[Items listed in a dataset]
....

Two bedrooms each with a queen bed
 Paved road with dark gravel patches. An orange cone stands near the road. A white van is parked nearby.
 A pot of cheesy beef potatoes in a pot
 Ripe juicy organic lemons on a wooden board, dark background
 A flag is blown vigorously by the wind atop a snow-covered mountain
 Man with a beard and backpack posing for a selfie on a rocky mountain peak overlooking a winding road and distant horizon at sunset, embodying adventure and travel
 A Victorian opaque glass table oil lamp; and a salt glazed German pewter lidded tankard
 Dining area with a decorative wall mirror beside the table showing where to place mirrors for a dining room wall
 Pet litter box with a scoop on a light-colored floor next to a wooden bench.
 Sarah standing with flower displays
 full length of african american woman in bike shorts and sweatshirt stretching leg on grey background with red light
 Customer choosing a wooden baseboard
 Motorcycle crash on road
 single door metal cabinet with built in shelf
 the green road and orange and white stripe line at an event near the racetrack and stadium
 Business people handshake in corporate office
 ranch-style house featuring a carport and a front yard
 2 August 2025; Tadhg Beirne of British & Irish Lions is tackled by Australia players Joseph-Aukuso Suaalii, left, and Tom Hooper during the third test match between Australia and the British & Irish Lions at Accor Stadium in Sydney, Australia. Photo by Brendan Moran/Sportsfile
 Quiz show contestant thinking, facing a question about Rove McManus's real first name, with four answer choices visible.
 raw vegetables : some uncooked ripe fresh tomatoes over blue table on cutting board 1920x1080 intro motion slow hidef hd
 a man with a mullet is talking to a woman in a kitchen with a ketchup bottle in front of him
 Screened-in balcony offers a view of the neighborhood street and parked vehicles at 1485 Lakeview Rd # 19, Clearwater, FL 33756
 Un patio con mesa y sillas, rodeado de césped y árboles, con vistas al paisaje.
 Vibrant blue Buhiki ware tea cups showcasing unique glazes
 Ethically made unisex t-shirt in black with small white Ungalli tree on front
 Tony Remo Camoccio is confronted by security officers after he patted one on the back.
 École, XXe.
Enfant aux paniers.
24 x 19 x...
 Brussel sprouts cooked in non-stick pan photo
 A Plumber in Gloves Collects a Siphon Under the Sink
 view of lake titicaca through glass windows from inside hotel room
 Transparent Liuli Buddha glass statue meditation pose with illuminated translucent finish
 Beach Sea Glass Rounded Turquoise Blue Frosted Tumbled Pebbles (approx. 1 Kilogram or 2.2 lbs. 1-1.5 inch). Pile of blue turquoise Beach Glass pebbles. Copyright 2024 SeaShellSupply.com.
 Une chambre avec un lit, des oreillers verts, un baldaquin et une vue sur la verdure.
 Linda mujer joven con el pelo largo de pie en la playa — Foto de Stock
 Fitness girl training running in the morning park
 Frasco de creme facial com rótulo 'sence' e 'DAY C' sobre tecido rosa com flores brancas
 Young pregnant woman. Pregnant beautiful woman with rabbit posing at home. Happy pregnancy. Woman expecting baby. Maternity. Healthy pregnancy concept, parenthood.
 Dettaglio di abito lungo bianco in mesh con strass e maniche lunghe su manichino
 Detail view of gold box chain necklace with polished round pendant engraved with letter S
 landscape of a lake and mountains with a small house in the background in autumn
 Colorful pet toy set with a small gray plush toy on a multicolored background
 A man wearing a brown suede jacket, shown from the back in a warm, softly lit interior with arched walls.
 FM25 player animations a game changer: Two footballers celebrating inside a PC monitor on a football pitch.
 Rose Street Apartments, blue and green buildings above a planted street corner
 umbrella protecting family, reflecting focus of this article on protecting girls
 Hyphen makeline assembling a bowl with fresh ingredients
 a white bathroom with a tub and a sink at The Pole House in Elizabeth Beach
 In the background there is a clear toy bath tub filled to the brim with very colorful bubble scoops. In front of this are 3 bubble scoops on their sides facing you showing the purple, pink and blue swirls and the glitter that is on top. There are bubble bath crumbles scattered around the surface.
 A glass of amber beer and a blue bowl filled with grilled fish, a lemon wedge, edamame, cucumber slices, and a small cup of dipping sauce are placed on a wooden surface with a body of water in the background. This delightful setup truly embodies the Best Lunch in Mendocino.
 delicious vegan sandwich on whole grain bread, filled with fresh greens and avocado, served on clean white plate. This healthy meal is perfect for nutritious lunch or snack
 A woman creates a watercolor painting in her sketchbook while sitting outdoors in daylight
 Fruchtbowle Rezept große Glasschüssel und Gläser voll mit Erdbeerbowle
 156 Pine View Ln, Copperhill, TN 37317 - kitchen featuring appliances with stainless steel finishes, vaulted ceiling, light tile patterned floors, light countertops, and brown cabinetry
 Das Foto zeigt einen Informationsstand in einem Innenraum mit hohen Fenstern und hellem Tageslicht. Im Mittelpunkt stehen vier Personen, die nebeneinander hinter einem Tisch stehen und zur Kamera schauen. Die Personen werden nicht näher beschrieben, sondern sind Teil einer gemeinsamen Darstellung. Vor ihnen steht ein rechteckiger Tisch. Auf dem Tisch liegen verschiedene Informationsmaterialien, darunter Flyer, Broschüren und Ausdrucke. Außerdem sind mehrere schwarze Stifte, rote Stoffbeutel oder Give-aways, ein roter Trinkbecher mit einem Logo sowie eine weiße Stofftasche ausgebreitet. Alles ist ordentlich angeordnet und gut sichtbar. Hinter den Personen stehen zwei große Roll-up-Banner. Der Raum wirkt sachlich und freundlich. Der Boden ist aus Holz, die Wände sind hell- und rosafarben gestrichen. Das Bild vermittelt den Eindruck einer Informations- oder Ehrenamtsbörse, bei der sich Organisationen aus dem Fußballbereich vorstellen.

....

Scan the data for the word "showing" and copy every line where it shows up.

 Dining area with a decorative wall mirror beside the table showing where to place mirrors for a dining room wall
 In the background there is a clear toy bath tub filled to the brim with very colorful bubble scoops. In front of this are 3 bubble scoops on their sides facing you showing the purple, pink and blue swirls and the glitter that is on top. There are bubble bath crumbles scattered around the surface.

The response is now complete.